- Bailey in 1955
- Born: Frank Arthur Bailey 26 November 1925 British Guiana
- Died: 2 December 2015 (aged 90)
- Known for: One of the first black firefighters in the UK
- Spouses: ; Isabella Maven ​(divorced)​ ; Josie Munro ​(divorced)​ ; Joy Greenall ​(divorced)​
- Children: 3

= Frank Bailey (firefighter) =

Guyanese-British firefighter

Frank Arthur Bailey (26 November 1925 – 2 December 2015) was a Guyanese-British firefighter and social worker who is known as being one of the first black firefighters in the United Kingdom.

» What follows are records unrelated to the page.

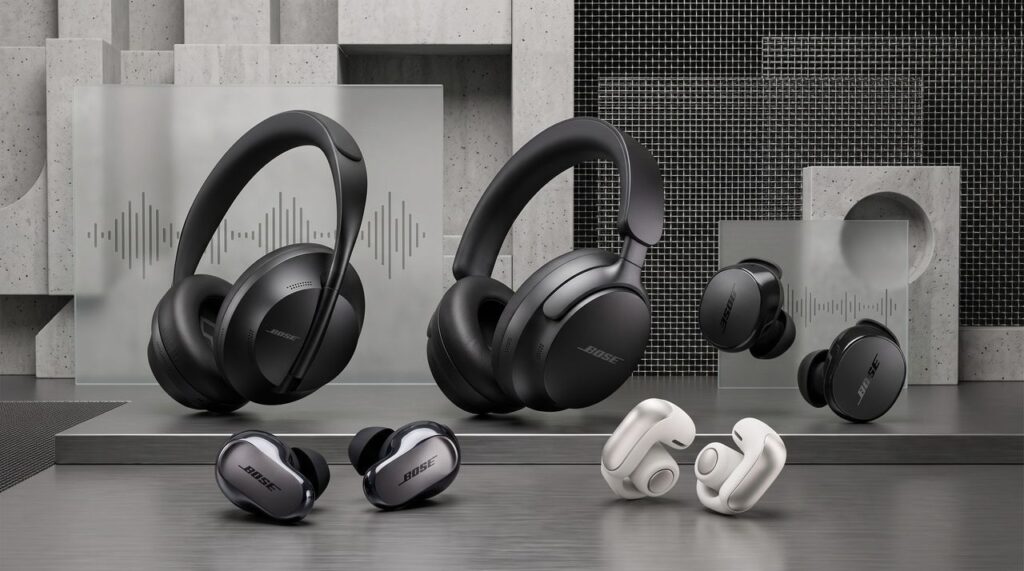 5 of the best Bose headphones and earbuds are up to $130 off ahead of the launch of the QuietComfort Headphones (2nd Gen) — which ones are worth buying?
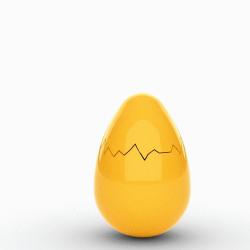 egg cracked 3D Models | Page 1 | STLFinder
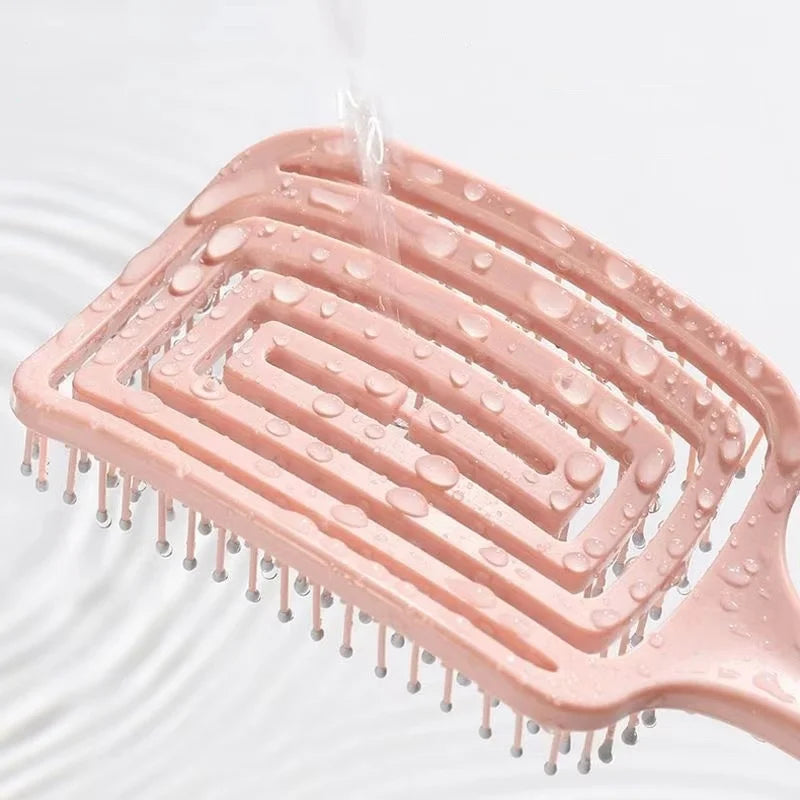 Amtn Club | Set Ciseaux Coiffure Rose Gold Acier Japonais Premium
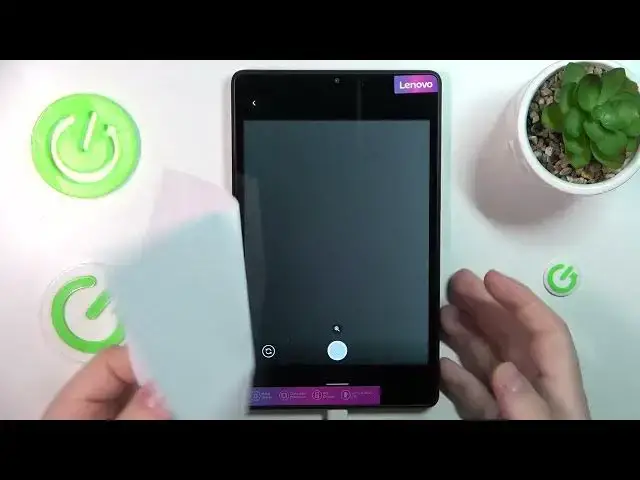 Video thumbnail for How To Scan Document & Create PDF File Lenovo Tab M8 3rd Gen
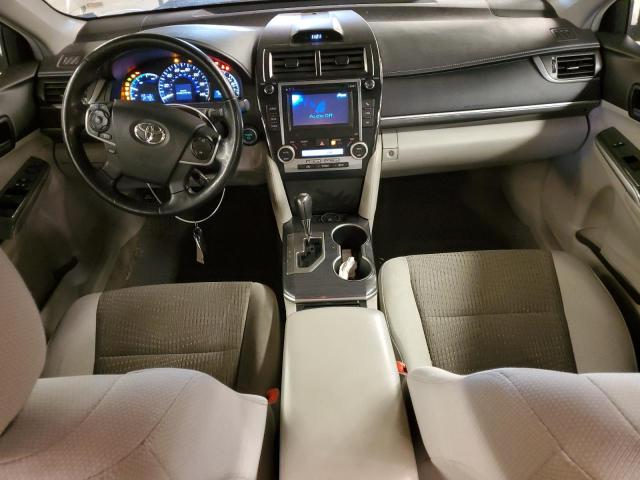 4T1BD1FK8EU099562 Toyota CAMRY HYBR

Born in British Guiana, he first worked on a German trade ship which led him to move to New York where he soon found work at a hospital, becoming a medical assistant. In opposition to racially segregated practices, he led a walkout at the hospital. In 1953, he moved to London and came across a Fire Brigades Union (FBU) delegate who told him that black people were not employed by the fire service because they were "not educated or strong enough", though he challenged this by applying as a firefighter. In 1955, he was accepted and became one of the first black firefighters in the UK, though left 10 years later due to being consistently turned down for promotion due to inherent racism in the service. Afterwards, he became a social worker, guardian ad litem and a legal adviser, retiring in 1990.

==Biography==
Frank Arthur Bailey was born in British Guiana on 26 November 1925 and was educated at local church schools. He went on to become an engineering apprentice and worked on a German trade ship as a coal trimmer. This led him to move to New York, United States, where he found work at a hospital, initially as a porter before becoming a medical assistant within the physiotherapy department. At the hospital, he successfully led a walkout in opposition to racially segregated dining facilities.

In 1953, shortly after returning to British Guiana, Bailey moved to London, England. He attended a Trades Union Congress conference where a Fire Brigades Union (FBU) delegate told him that black people were not employed by the fire service because they were "not educated or strong enough" though he challenged this by applying as a firefighter. In 1955, he was accepted by the West Ham Fire Brigade and served at the Silvertown Fire Station in East London. He became the first black full-time firefighter in London and possibly the UK. However, there are some reports of black firefighters serving during World War II. Soon after, he became the FBU branch representative and befriended the then FBU general secretary, John Horner.

In 1965, he left the service due to being systematically turned down for promotions whilst white firefighters were being promoted ahead of him. According to Michael Nicholas, a former FBU national secretary for black and ethnic minority members, this was due to the inherent racism within the service. He was then employed as a social worker in the Royal Borough of Kensington and Chelsea, London and became one of the first black mental welfare officers and psychiatric social workers. He then worked as a guardian ad litem and subsequently retired in 1990. During this time, he was also the first black legal advisor to black young people at Marylebone Magistrates Court.

Throughout his life Bailey had three marriages which all resulted in divorce, the first to Isabella Maven, the second to Josie Munro, and the third to Joy Greenall.

He died on 2 December 2015 aged 90. He is survived by his three daughters, Rebecca from his second marriage; Jumanne and Alexis from his third marriage. Over 80 London firefighters gave a guard of honour at his funeral on 11 January 2016.

On 26 November 2020, his 95th birthday was honoured by Google UK with a Doodle.